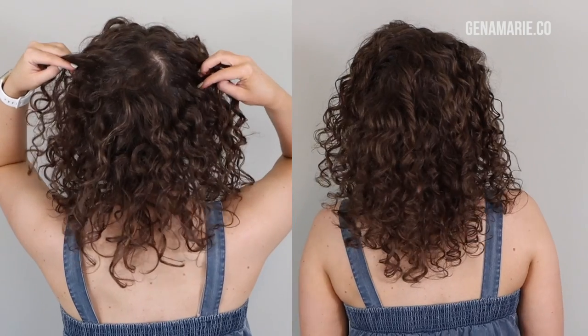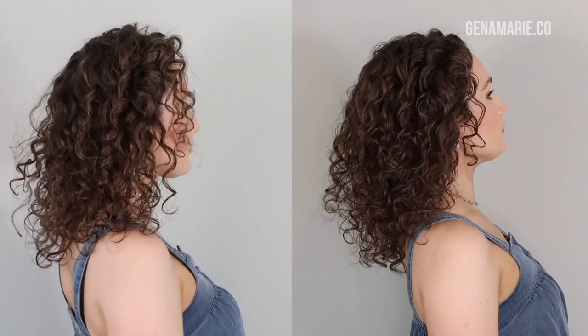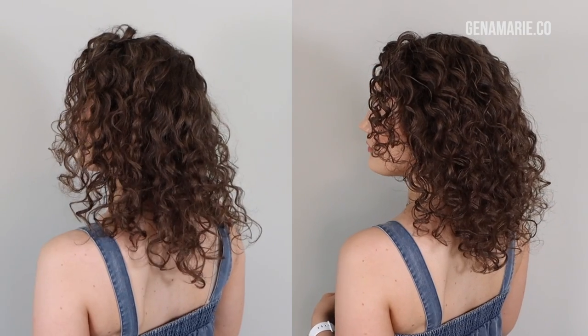Do you struggle with a flat crown area and have trouble covering your scalp when refreshing? I'm going to walk you through a step-by-step refresh routine that's packed with tips for covering your scalp and getting more root lift and volume at the crown.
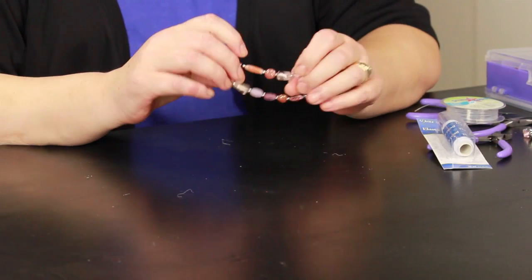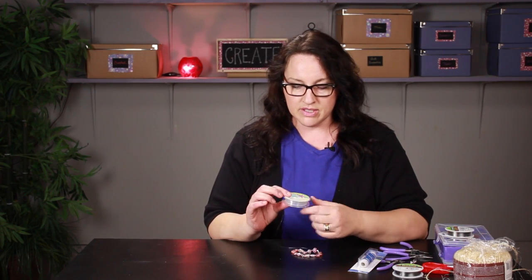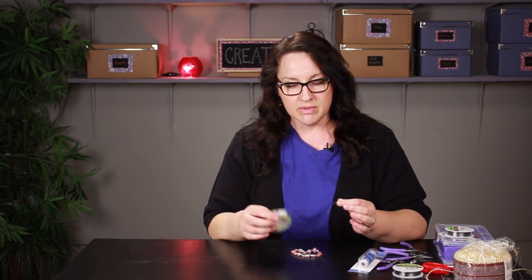So, in order to do a bracelet like this where you can't see the cord, you need to get something like this Stretch Magic. This is a brand that I use. You can find it at a lot of craft stores, but really any of the brands of this type of beading cord work very well. You can get them at craft stores or bead shops.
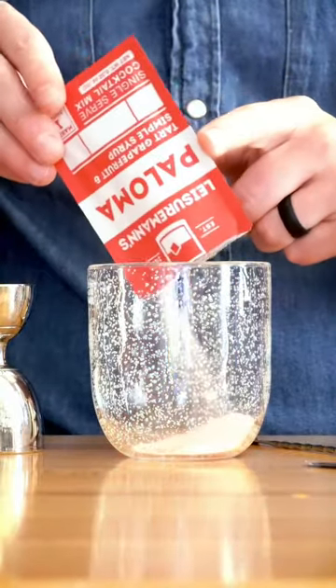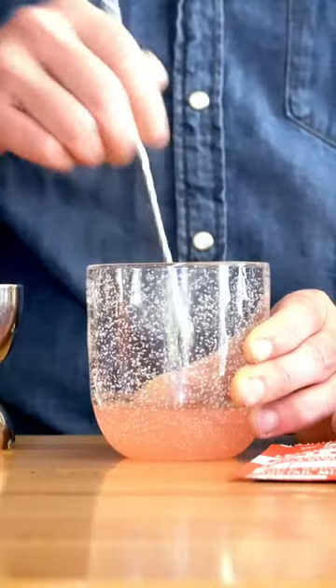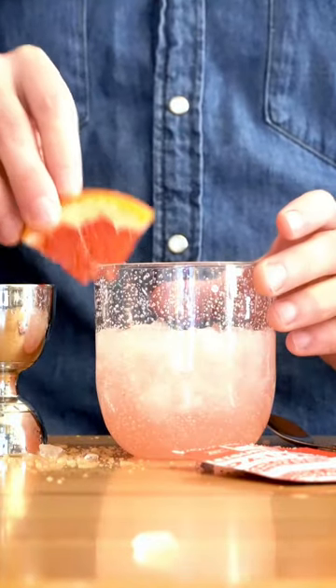All you need to do this is one pack of our Paloma mix and two ounces of some high-quality H2O. Stir everything around in your favorite Paloma glass and then add one and a half ounces of your favorite tequila. Tons of crushed ice. Stir it around again to make sure everything's incorporated.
···
- [The task]: Every word of the material above should be copied exactly; no pictures.

- [Completed task]:
Do you struggle with a flat crown area and have trouble covering your scalp when refreshing? I'm going to walk you through a step-by-step refresh routine that's packed with tips for covering your scalp and getting more root lift and volume at the crown.
So, in order to do a bracelet like this where you can't see the cord, you need to get something like this Stretch Magic. This is a brand that I use. You can find it at a lot of craft stores, but really any of the brands of this type of beading cord work very well. You can get them at craft stores or bead shops.
All you need to do this is one pack of our Paloma mix and two ounces of some high-quality H2O. Stir everything around in your favorite Paloma glass and then add one and a half ounces of your favorite tequila. Tons of crushed ice. Stir it around again to make sure everything's incorporated.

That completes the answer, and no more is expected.